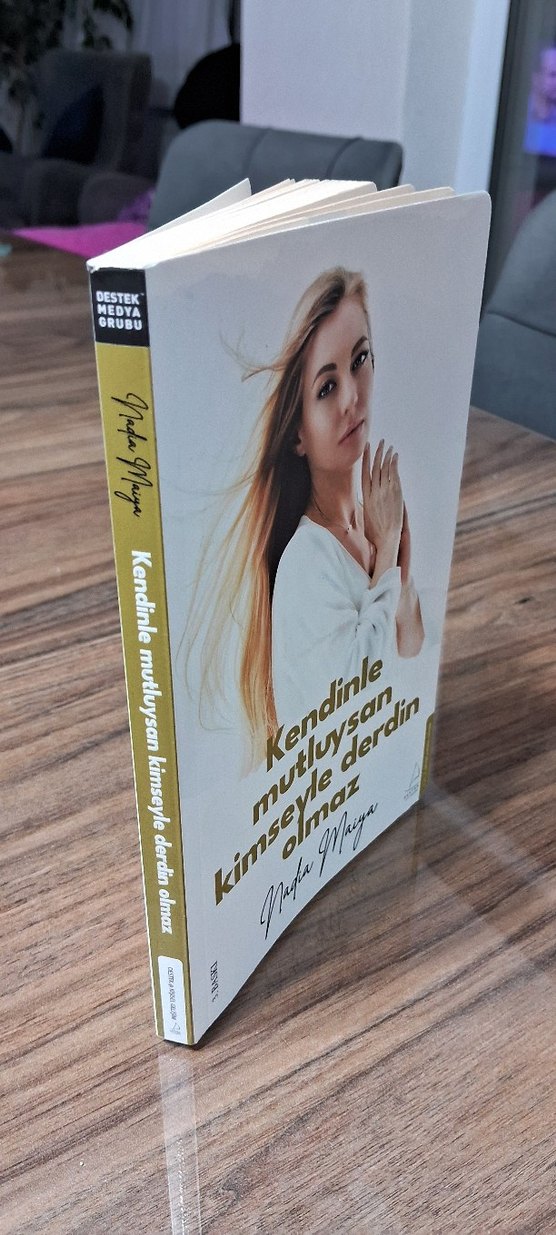 Kendinle Mutluysan Kimseyle Derdin Olmaz - Nadia Maiya - Görsel 5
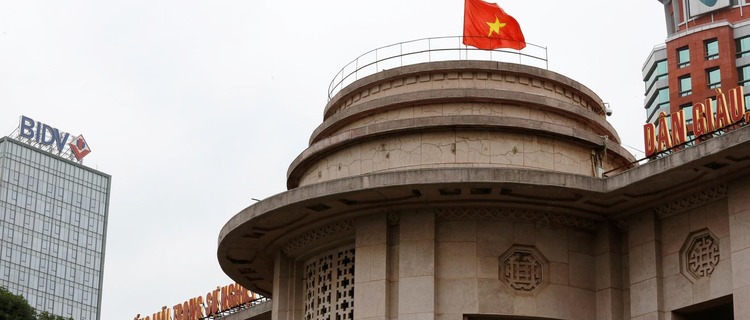 Central Bank of Vietnam buys dollars to replenish reserves after selloff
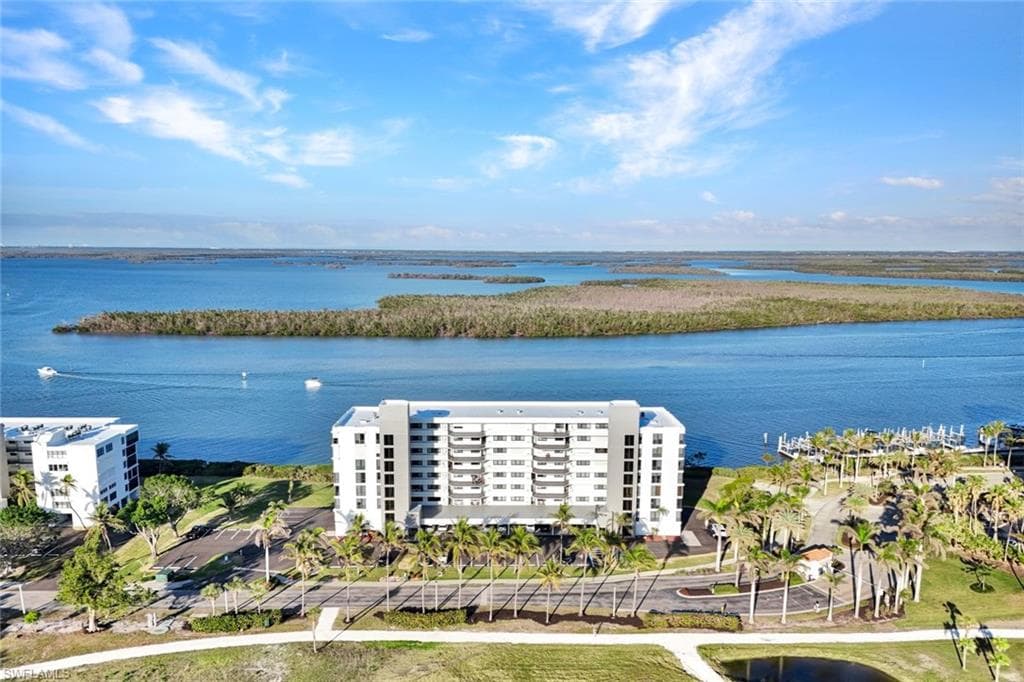 4203 Bay Beach LN 5E FORT MYERS BEACH, FL 33931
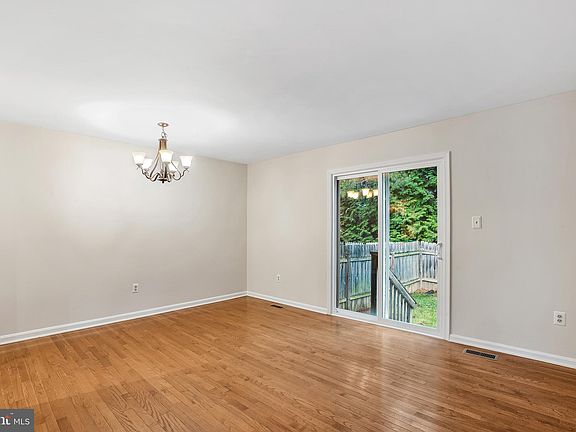 4th image of 14629 Keeneland Cir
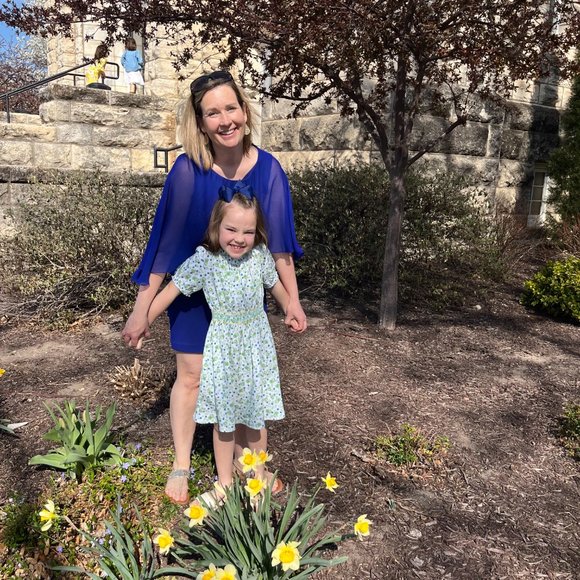 Meet your Posher, Elissa - Picture 2 of 2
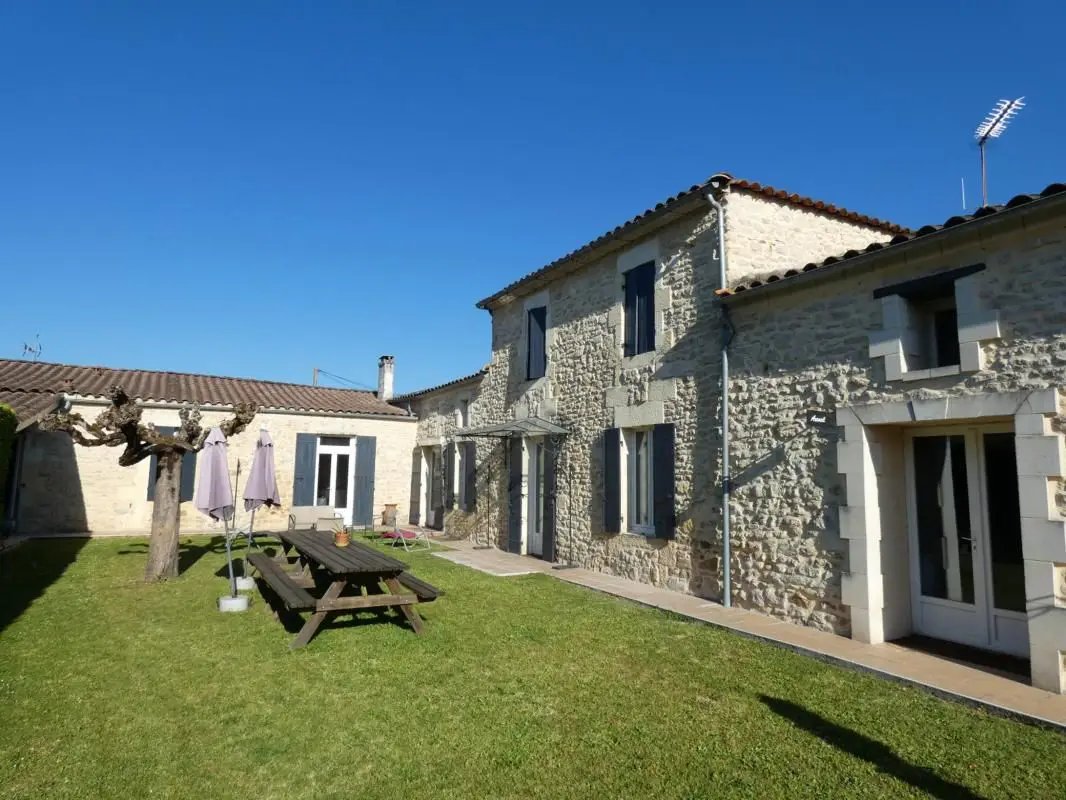 Maison à vendre, 300m², Cartelègue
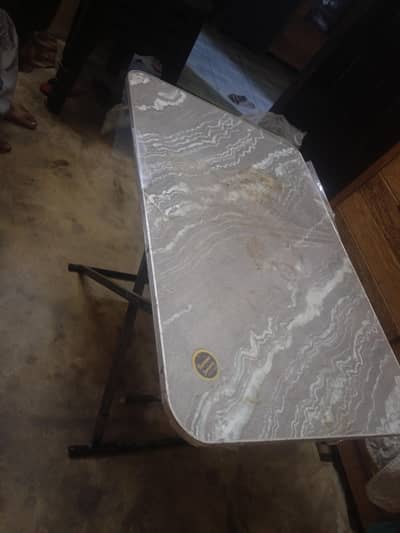 table and chairs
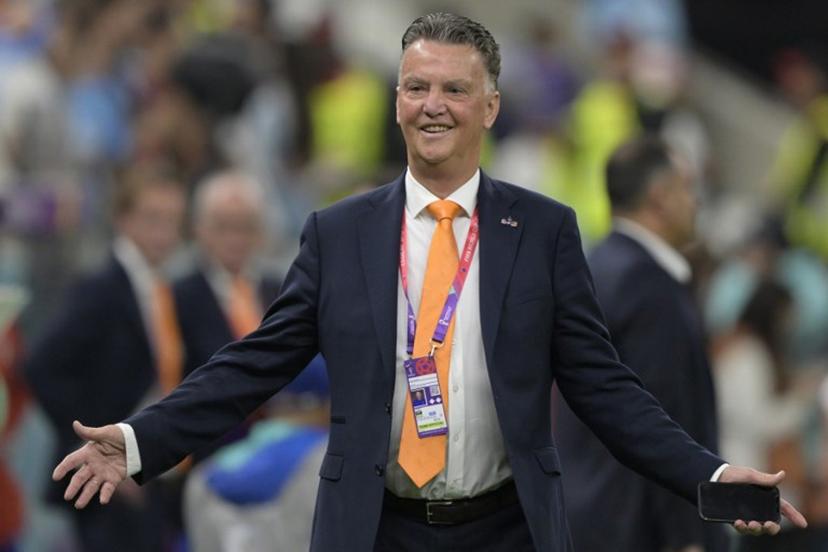 Netherlands' coach #00 Louis Van Gaal smiles ahead of the Qatar 2022 World Cup quarter-final football match between The Netherlands and Argentina at Lusail Stadium, north of Doha on December 9, 2022.  JUAN MABROMATA / AFP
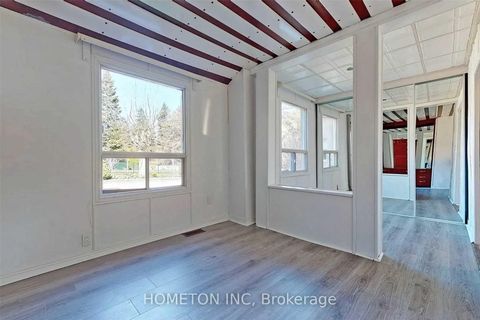 Photo 24 at 95 Yongehurst Road, North Richvale, Richmond Hill
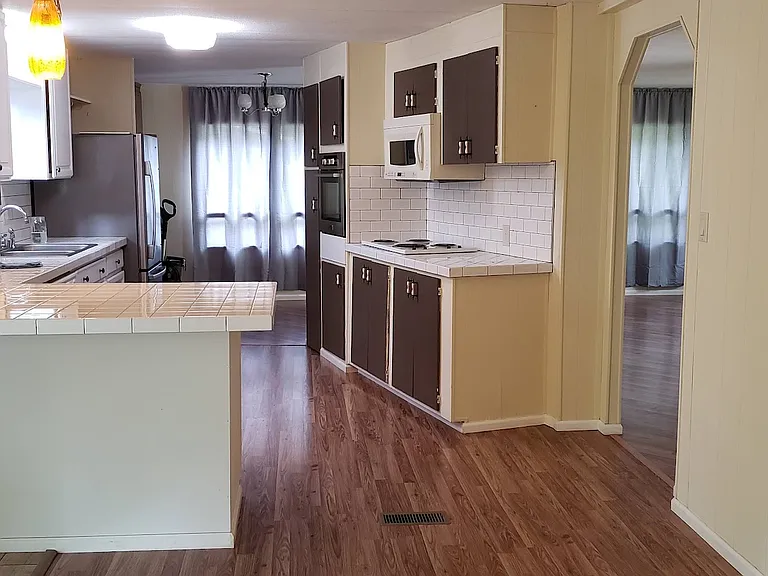 Bellwood Dr NE — Photo 1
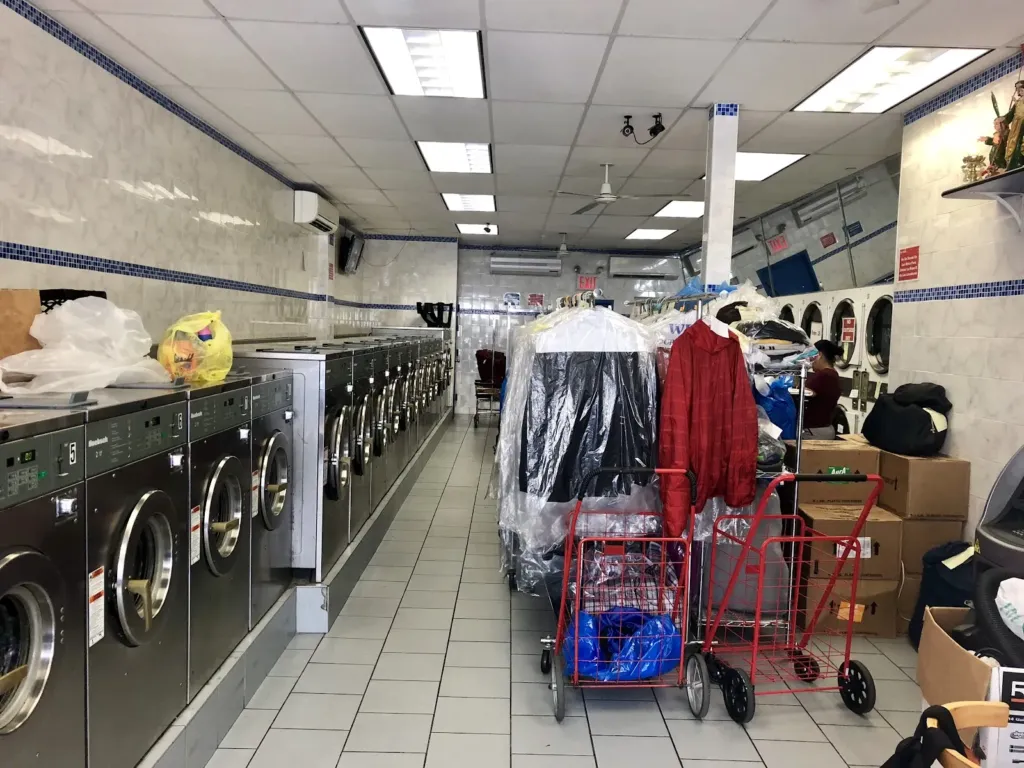 Chico’s Laundromat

========

▶ **THE PROBLEM**: What you hand back should match the entries above exactly, except that no picture appears.

▶ **RESULT BELOW**:
 Kendinle Mutluysan Kimseyle Derdin Olmaz - Nadia Maiya - Görsel 5
 Central Bank of Vietnam buys dollars to replenish reserves after selloff
 4203 Bay Beach LN 5E FORT MYERS BEACH, FL 33931
 4th image of 14629 Keeneland Cir
 Meet your Posher, Elissa - Picture 2 of 2
 Maison à vendre, 300m², Cartelègue
 table and chairs
 Netherlands' coach #00 Louis Van Gaal smiles ahead of the Qatar 2022 World Cup quarter-final football match between The Netherlands and Argentina at Lusail Stadium, north of Doha on December 9, 2022.  JUAN MABROMATA / AFP
 Photo 24 at 95 Yongehurst Road, North Richvale, Richmond Hill
 Bellwood Dr NE — Photo 1
 Chico’s Laundromat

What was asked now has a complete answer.